Released in July 2025, Self Titled is built around Tempest’s gender transition and the complex, layered experience of self-recognition across time. It is a record concerned with the distance between who one has been and who one is becoming, and Tempest approaches that distance with the precision and generosity that has defined their best work. On ‘Know Yourself’, they rap alongside a vocal sample of their younger self — a technically simple device that lands with unusual emotional force. The album features collaborations with Young Fathers, Neil Tennant of the Pet Shop Boys, and producer Fraser T. Smith, and received a Metacritic score of eighty-five.
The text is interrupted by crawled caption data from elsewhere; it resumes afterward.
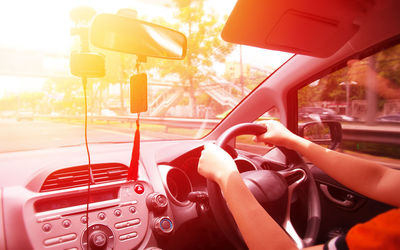 Cropped hands of man driving car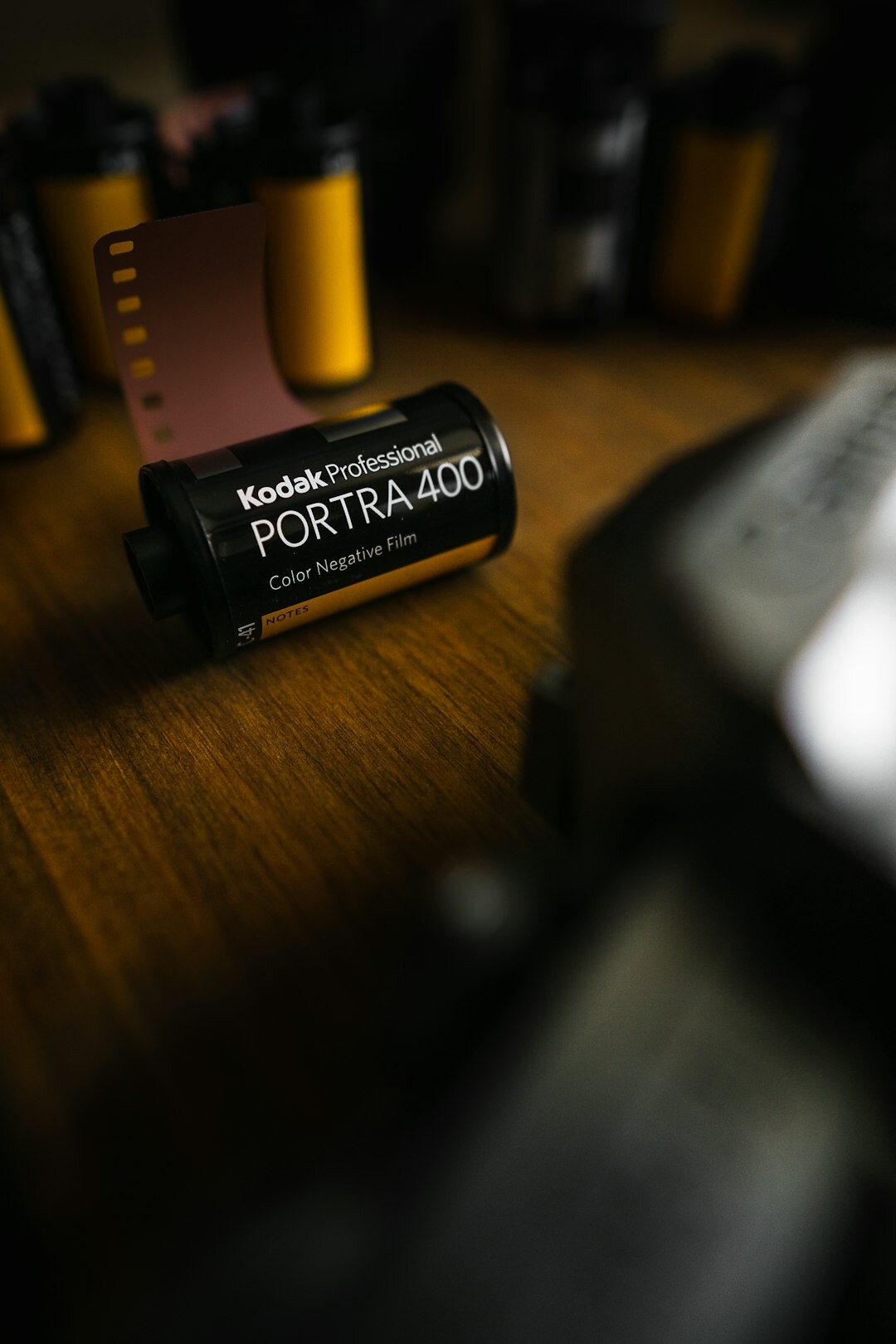 Close up of a vintage camera and rolls of film on a wooden table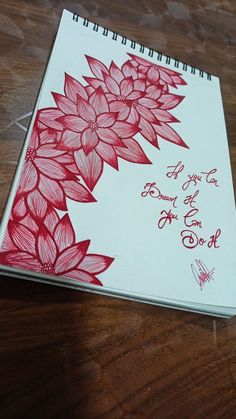 a note book with red flowers on it sitting on top of a wooden table next to a pen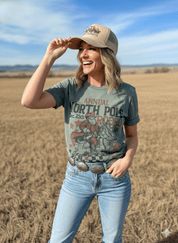 Reindeer North Pole Rodeo Graphic TeeHeather Military GreenS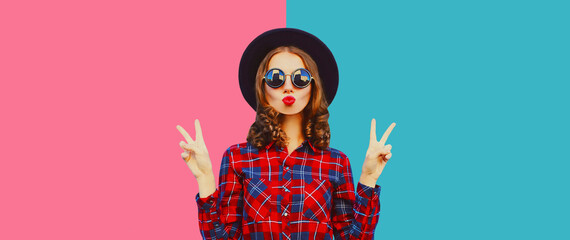 Stylish modern young woman blowing kiss posing on colorful background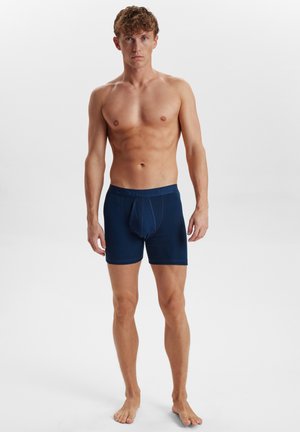 Mørkeblå boxer shorts med en tætsiddende pasform, lavet af blødt materiale, der har en kontrastfarvet linning med logo og en understøttende frontlomme.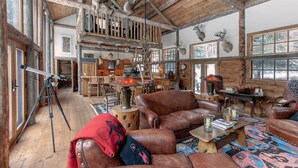 Interior rústico de una cabaña con vigas de madera, mobiliario de cuero y trofeos de animales.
Tempest has long drawn from hip-hop’s formal traditions while moving freely between spoken word, theatre and recorded music. The result is a body of work that resists easy categorisation and rewards close attention. City Recital Hall, with its exceptional acoustics and intimate scale, is an ideal setting for an artist whose primary instrument is language.
Midweek Minds: Legally Bonded — State Library of NSW, Wednesday 10 June
Each Wednesday during Vivid, the State Library of New South Wales hosts Midweek Minds, a series of rapid-fire keynote talks directed at the creative industries and the intellectually curious. The final instalment, Legally Bonded, takes up a question that has become increasingly urgent across every creative discipline: in an era defined by algorithmic circulation, AI-generated content, and the perpetual renegotiation of fair use, what does it mean for an artist to own their work?
The speakers bring distinct and complementary perspectives to the question. Mindy Seu is an American artist, technologist and academic whose research centres on the histories and cultures of the internet. Shaun Daniel Allen, known as Shal, is a Bundjalung painter whose practice moves between cultural traditions. Jason Phu is a Sydney-based multimedia artist whose work draws freely from comics, pop culture and image vernaculars that exist in perpetual dialogue with questions of ownership and reproduction.
The conversation is framed around both the threats and the possibilities presented by a creative commons in flux. It is among the more pressing intellectual conversations Vivid has offered this year, and the library is among the city’s most beautiful rooms.
Roxane Gay In Conversation — City Recital Hall, Friday 12 June
Since the publication of Bad Feminist in 2014, Roxane Gay has been one of the most widely read and argued-with cultural critics writing in English. Her work spans memoir, fiction, cultural commentary and opinion journalism, and it is characterised by a willingness to hold complicated positions with clarity, across race, feminism, pop culture and politics.
This event, part of Vivid Minds’ Creative Trailblazers series, places Gay in conversation with Narelda Jacobs OAM, the Whadjuk Noongar journalist, author and broadcaster. Gay has demonstrated across her career that her most illuminating thinking tends to emerge in exchange with other great conversationalists. Readers of Hunger, Difficult Women and her collected essays in Opinions will find the evening familiar in the best sense. Those coming to her work for the first time will find an entirely sufficient introduction.
The Black Angels — Carriageworks, Thursday 11 June
The Black Angels formed in Austin, Texas in 2004, taking their name from a Velvet Underground song and their sound from the darker currents of American psychedelia — Roky Erickson, Syd Barrett, Arthur Lee, the droning repetitions of early garage rock pressed through a modern political sensibility. Twenty years on, they remain one of the more vital bands working in that tradition, and this year they return to Australia to mark the anniversary of Passover, their 2006 debut, performing it in full.
Passover was the record that demonstrated the psych revival of the early twenty-first century had great aesthetic ambitions, not merely nostalgic ones. Its hypnotic, heavy structures are built on cycling guitar lines, insistent percussion, and Alex Maas’s keening vocals. ‘Young Men Dead’, ‘The First Vietnamese War’, and the closing eighteen-minute ‘Call to Arms’ established the template from which the band has never strayed far.